Sempre que penso nos direitos do ser humano, convenço-me de que as mulheres deviam ser privilegiadas pela lei e pela realidade social. Hoje podemos ir além do que pretendia a grande militante Clara Zetkin, que dedicou a sua vida a reivindicar, para as mulheres, os mesmos direitos concedidos aos homens. Sou de opinião que as mulheres não são iguais aos homens porque os homens a elas não se igualam na contribuição para a vida e para a história.
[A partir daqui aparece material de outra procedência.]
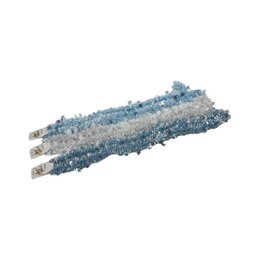 Slinger 2m vlokken 3ass wit blauw zilver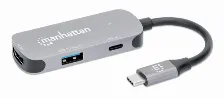 Docking Station Manhattan, Interfaz Usb-c, 1x Hdmi 2.0, 1x Usb-a, 1x Usb-c, Color Gris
Há uma medida fácil para saber o quão humana e ética é uma civilização: o tratamento que o Estado e a sociedade dedicam às mulheres e às crianças. Por isso, nota-se em todas as sociedades preocupadas com o desenvolvimento social a adoção de inúmeras iniciativas que visam, exatamente, a proteger e instrumentalizar as mulheres, reconhecendo a importância de seu papel e de suas funções. Entre essas medidas, uma das mais relevantes é a que ficou conhecida como bolsa-escola.
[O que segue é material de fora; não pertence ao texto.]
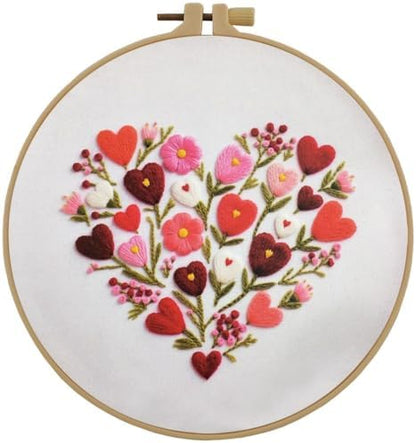 Esffaci Embroidery Starter Kit for Adult Beginner with Love Heart Flowers Pattern Hand Embroidery Set with Cloth Hoop Needle Threader Floss and Instruction by Esffaci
Por isso, surpreende-nos que o DF, contrariando a tendência mundial, tenha suprimido milhares de bolsas-escola instituídas pelo governo Cristovam e que representavam respeito, dignidade e esperança para tantas famílias. Tal supressão, pelo atual governo, constitui não apenas uma agressão às crianças - que agora abandonam a escola para voltar às ruas ou ao trabalho infantil -, mas também às mães, que, exatamente pelo reconhecimento da relevância especial de seu papel, recebiam e administravam aqueles recursos no seio da família.

Em nossos tempos, há uma tendência em associar direitos a sacrifícios. É esse o caso da mulher no mundo do trabalho. A mulher tem direito, como os homens, a participar da vida produtiva, mas não devia ser a isso compelida pela brutalidade do capitalismo.

Muitas mulheres - sobretudo as que não podem comprar educação particular de excelência para os filhos - trabalham fora de casa não porque achem isso charmoso, porque vejam no trabalho uma forma de realização na vida, como alguns interessados procuram divulgar. Elas trabalham porque isso lhes é absolutamente necessário a fim de cuidar da família. Já que não podem prescindir dos salários, o Estado deveria protegê-las de forma especial. Mas não é isso o que vem ocorrendo no mundo do neoliberalismo. Não é isso o que vem ocorrendo no Brasil e em especial aqui no DF. Pelo contrário.

Encontra-se em tramitação no Senado, já aprovada na Comissão de Assuntos Sociais, curiosa proposta do senador Luis Pontes, do PSDB do Ceará, sobre o direito das gestantes a licença especial remunerada. É essa uma obrigação em que a lei acolhe a razão moral e que constituía mandamento da Organização Internacional do Trabalho na Convenção 103. Sob pressões e com a adesão do Brasil, a OIT revisou a convenção, reduzindo as obrigações do empregador, que sempre foram vistas pelas grandes corporações empresariais como um entrave a sua liberdade de ação.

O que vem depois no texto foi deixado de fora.